• [ABOUT THIS TASK] Every record must be written out once more, with nothing added or omitted.

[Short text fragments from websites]
──────
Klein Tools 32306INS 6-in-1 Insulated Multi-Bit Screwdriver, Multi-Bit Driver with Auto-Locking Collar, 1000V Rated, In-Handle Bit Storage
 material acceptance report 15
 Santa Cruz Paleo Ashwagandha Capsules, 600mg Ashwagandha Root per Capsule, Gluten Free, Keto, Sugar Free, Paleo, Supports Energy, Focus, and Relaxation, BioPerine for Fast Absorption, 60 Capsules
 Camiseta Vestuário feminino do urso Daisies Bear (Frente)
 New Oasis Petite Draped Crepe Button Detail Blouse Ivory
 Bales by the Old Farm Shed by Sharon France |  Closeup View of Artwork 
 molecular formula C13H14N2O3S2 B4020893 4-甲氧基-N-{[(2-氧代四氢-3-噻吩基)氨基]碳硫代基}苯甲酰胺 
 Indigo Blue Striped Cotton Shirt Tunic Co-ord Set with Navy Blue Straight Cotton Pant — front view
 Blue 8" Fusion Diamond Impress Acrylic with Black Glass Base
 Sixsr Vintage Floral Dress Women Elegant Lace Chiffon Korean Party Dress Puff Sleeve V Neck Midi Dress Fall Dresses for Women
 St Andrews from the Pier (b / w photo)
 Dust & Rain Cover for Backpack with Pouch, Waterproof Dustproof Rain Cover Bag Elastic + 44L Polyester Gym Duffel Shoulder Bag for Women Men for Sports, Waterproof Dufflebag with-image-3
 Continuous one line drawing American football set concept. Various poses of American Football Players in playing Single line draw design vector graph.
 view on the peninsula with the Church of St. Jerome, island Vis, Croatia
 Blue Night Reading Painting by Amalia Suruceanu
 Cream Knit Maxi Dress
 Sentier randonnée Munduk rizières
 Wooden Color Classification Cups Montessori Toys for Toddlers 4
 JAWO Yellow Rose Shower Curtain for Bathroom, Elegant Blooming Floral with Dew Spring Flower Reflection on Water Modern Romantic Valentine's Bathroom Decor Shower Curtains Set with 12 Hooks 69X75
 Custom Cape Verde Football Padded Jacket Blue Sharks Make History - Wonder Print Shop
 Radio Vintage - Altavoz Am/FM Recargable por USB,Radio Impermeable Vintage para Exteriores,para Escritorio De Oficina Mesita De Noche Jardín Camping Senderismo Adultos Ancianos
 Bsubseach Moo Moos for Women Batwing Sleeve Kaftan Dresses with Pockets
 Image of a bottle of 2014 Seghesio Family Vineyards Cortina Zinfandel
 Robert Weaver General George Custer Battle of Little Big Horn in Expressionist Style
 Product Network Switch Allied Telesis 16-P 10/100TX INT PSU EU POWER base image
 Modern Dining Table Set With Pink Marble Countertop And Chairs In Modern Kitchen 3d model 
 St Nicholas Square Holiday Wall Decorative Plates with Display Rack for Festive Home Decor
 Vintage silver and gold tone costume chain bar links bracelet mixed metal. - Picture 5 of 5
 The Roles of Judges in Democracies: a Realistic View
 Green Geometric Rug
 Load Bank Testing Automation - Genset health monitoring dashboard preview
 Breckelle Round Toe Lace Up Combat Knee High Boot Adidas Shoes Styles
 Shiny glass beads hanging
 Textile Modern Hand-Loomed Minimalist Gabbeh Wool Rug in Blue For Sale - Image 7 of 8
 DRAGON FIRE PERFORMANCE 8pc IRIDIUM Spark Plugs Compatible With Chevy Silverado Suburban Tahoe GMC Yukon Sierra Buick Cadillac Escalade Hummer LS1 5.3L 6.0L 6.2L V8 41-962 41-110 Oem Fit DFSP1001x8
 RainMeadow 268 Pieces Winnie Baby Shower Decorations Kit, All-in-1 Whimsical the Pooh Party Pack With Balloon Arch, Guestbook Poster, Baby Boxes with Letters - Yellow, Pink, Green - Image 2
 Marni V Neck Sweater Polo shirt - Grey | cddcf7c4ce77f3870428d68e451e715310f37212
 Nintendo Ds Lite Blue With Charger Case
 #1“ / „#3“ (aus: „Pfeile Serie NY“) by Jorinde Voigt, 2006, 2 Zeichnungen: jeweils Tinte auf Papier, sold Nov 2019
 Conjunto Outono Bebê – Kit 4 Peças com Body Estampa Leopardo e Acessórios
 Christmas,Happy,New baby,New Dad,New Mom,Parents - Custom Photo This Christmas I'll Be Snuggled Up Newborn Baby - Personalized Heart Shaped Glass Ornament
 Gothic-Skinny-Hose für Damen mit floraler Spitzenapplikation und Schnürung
──────
• [TASK RESPONSE]
Klein Tools 32306INS 6-in-1 Insulated Multi-Bit Screwdriver, Multi-Bit Driver with Auto-Locking Collar, 1000V Rated, In-Handle Bit Storage
 material acceptance report 15
 Santa Cruz Paleo Ashwagandha Capsules, 600mg Ashwagandha Root per Capsule, Gluten Free, Keto, Sugar Free, Paleo, Supports Energy, Focus, and Relaxation, BioPerine for Fast Absorption, 60 Capsules
 Camiseta Vestuário feminino do urso Daisies Bear (Frente)
 New Oasis Petite Draped Crepe Button Detail Blouse Ivory
 Bales by the Old Farm Shed by Sharon France |  Closeup View of Artwork 
 molecular formula C13H14N2O3S2 B4020893 4-甲氧基-N-{[(2-氧代四氢-3-噻吩基)氨基]碳硫代基}苯甲酰胺 
 Indigo Blue Striped Cotton Shirt Tunic Co-ord Set with Navy Blue Straight Cotton Pant — front view
 Blue 8" Fusion Diamond Impress Acrylic with Black Glass Base
 Sixsr Vintage Floral Dress Women Elegant Lace Chiffon Korean Party Dress Puff Sleeve V Neck Midi Dress Fall Dresses for Women
 St Andrews from the Pier (b / w photo)
 Dust & Rain Cover for Backpack with Pouch, Waterproof Dustproof Rain Cover Bag Elastic + 44L Polyester Gym Duffel Shoulder Bag for Women Men for Sports, Waterproof Dufflebag with-image-3
 Continuous one line drawing American football set concept. Various poses of American Football Players in playing Single line draw design vector graph.
 view on the peninsula with the Church of St. Jerome, island Vis, Croatia
 Blue Night Reading Painting by Amalia Suruceanu
 Cream Knit Maxi Dress
 Sentier randonnée Munduk rizières
 Wooden Color Classification Cups Montessori Toys for Toddlers 4
 JAWO Yellow Rose Shower Curtain for Bathroom, Elegant Blooming Floral with Dew Spring Flower Reflection on Water Modern Romantic Valentine's Bathroom Decor Shower Curtains Set with 12 Hooks 69X75
 Custom Cape Verde Football Padded Jacket Blue Sharks Make History - Wonder Print Shop
 Radio Vintage - Altavoz Am/FM Recargable por USB,Radio Impermeable Vintage para Exteriores,para Escritorio De Oficina Mesita De Noche Jardín Camping Senderismo Adultos Ancianos
 Bsubseach Moo Moos for Women Batwing Sleeve Kaftan Dresses with Pockets
 Image of a bottle of 2014 Seghesio Family Vineyards Cortina Zinfandel
 Robert Weaver General George Custer Battle of Little Big Horn in Expressionist Style
 Product Network Switch Allied Telesis 16-P 10/100TX INT PSU EU POWER base image
 Modern Dining Table Set With Pink Marble Countertop And Chairs In Modern Kitchen 3d model 
 St Nicholas Square Holiday Wall Decorative Plates with Display Rack for Festive Home Decor
 Vintage silver and gold tone costume chain bar links bracelet mixed metal. - Picture 5 of 5
 The Roles of Judges in Democracies: a Realistic View
 Green Geometric Rug
 Load Bank Testing Automation - Genset health monitoring dashboard preview
 Breckelle Round Toe Lace Up Combat Knee High Boot Adidas Shoes Styles
 Shiny glass beads hanging
 Textile Modern Hand-Loomed Minimalist Gabbeh Wool Rug in Blue For Sale - Image 7 of 8
 DRAGON FIRE PERFORMANCE 8pc IRIDIUM Spark Plugs Compatible With Chevy Silverado Suburban Tahoe GMC Yukon Sierra Buick Cadillac Escalade Hummer LS1 5.3L 6.0L 6.2L V8 41-962 41-110 Oem Fit DFSP1001x8
 RainMeadow 268 Pieces Winnie Baby Shower Decorations Kit, All-in-1 Whimsical the Pooh Party Pack With Balloon Arch, Guestbook Poster, Baby Boxes with Letters - Yellow, Pink, Green - Image 2
 Marni V Neck Sweater Polo shirt - Grey | cddcf7c4ce77f3870428d68e451e715310f37212
 Nintendo Ds Lite Blue With Charger Case
 #1“ / „#3“ (aus: „Pfeile Serie NY“) by Jorinde Voigt, 2006, 2 Zeichnungen: jeweils Tinte auf Papier, sold Nov 2019
 Conjunto Outono Bebê – Kit 4 Peças com Body Estampa Leopardo e Acessórios
 Christmas,Happy,New baby,New Dad,New Mom,Parents - Custom Photo This Christmas I'll Be Snuggled Up Newborn Baby - Personalized Heart Shaped Glass Ornament
 Gothic-Skinny-Hose für Damen mit floraler Spitzenapplikation und Schnürung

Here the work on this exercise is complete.